*** Begin section ***

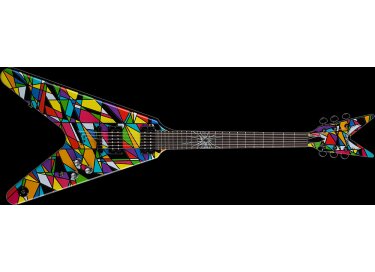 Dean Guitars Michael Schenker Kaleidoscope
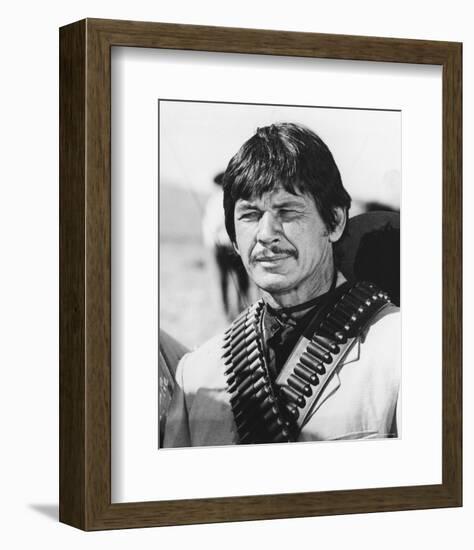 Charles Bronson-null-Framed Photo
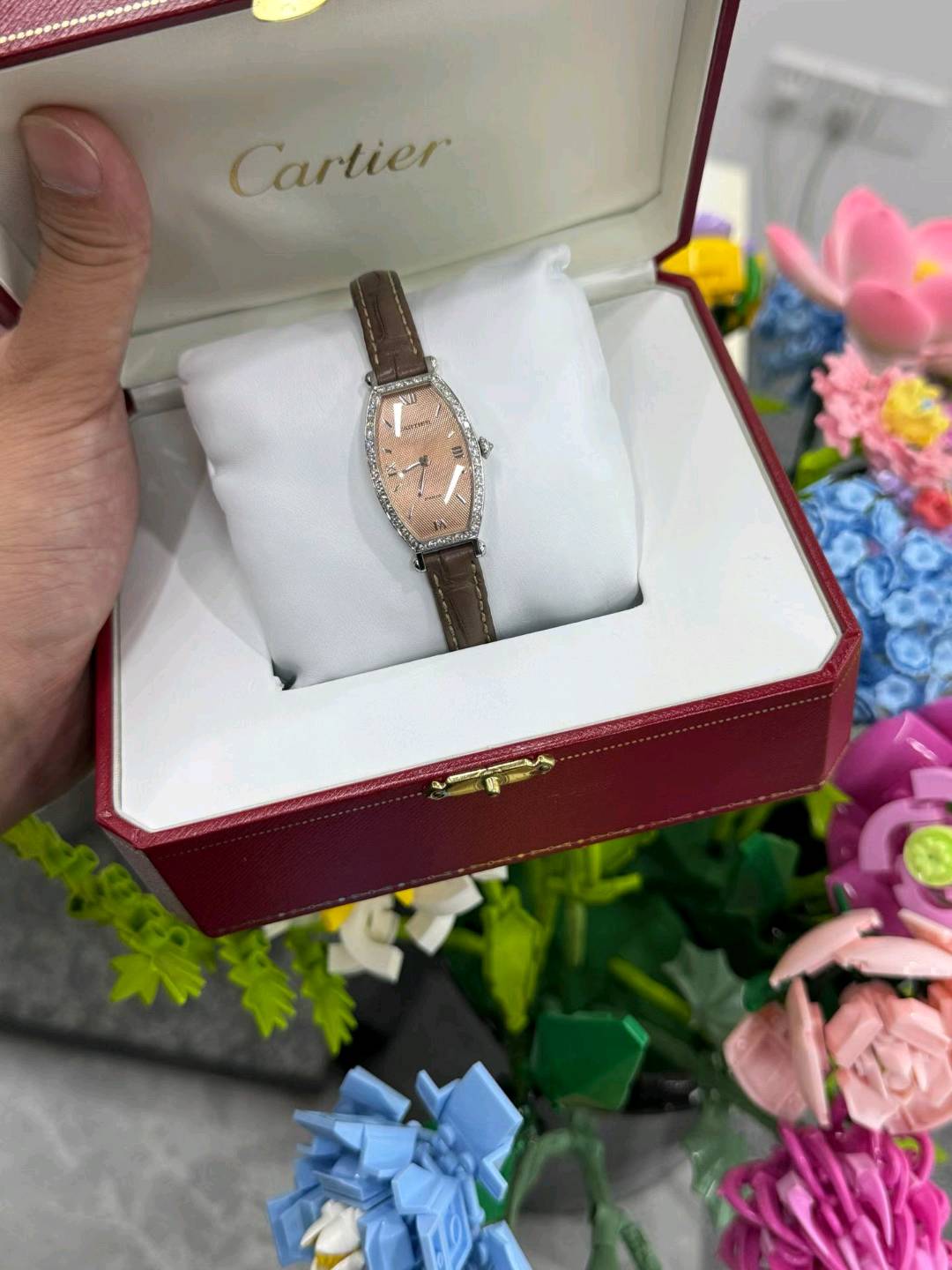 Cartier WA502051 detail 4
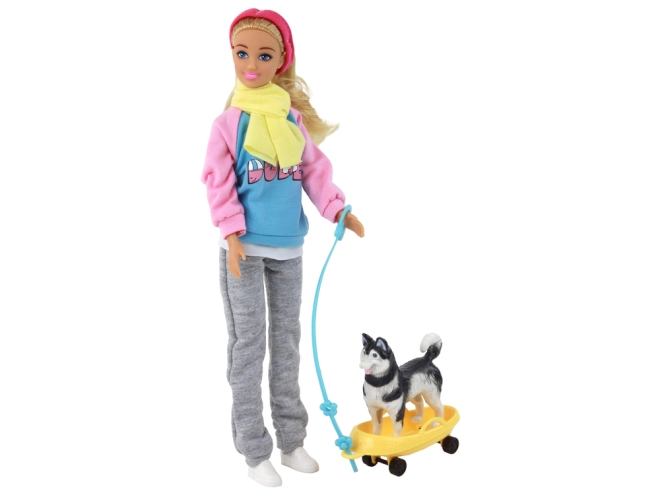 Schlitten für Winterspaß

*** End section ***
*** Begin section ***

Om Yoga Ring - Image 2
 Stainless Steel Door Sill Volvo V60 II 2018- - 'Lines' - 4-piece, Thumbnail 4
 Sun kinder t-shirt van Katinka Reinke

*** End section ***
*** Begin section ***

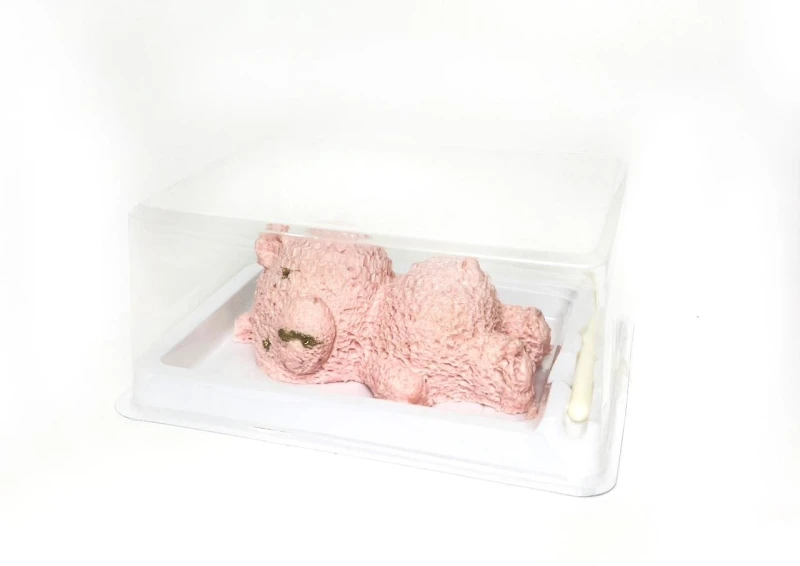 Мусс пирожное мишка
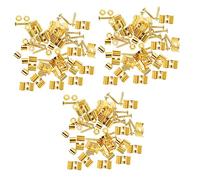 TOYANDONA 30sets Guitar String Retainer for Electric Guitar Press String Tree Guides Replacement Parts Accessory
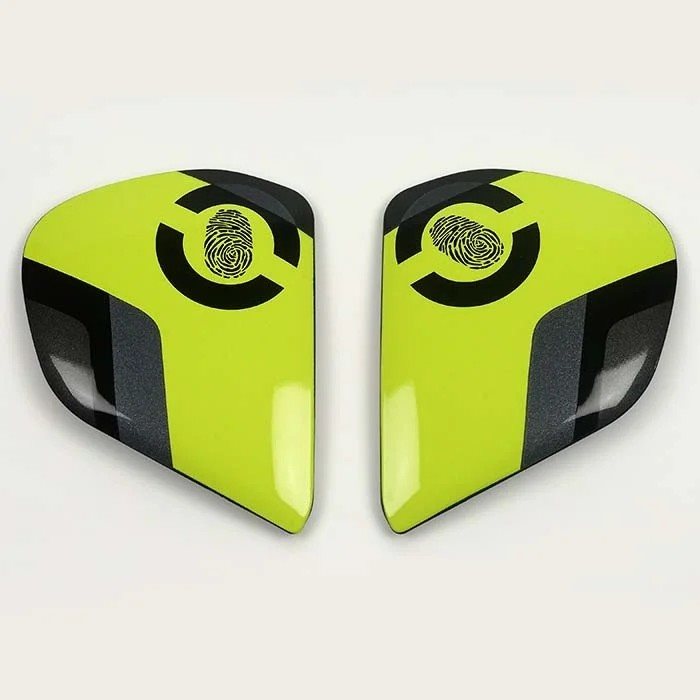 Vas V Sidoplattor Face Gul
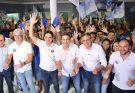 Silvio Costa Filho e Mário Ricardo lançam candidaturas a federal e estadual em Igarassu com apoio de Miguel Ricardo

*** End section ***

#### Activity
The answer must be the lines above from the one containing "Dean Guitars Michael Schenker Kaleidoscope" through the one containing "Schlitten für Winterspaß", reproduced exactly, with no pictures and nothing else.

#### Problem solution
 Dean Guitars Michael Schenker Kaleidoscope
 Charles Bronson-null-Framed Photo
 Cartier WA502051 detail 4
 Schlitten für Winterspaß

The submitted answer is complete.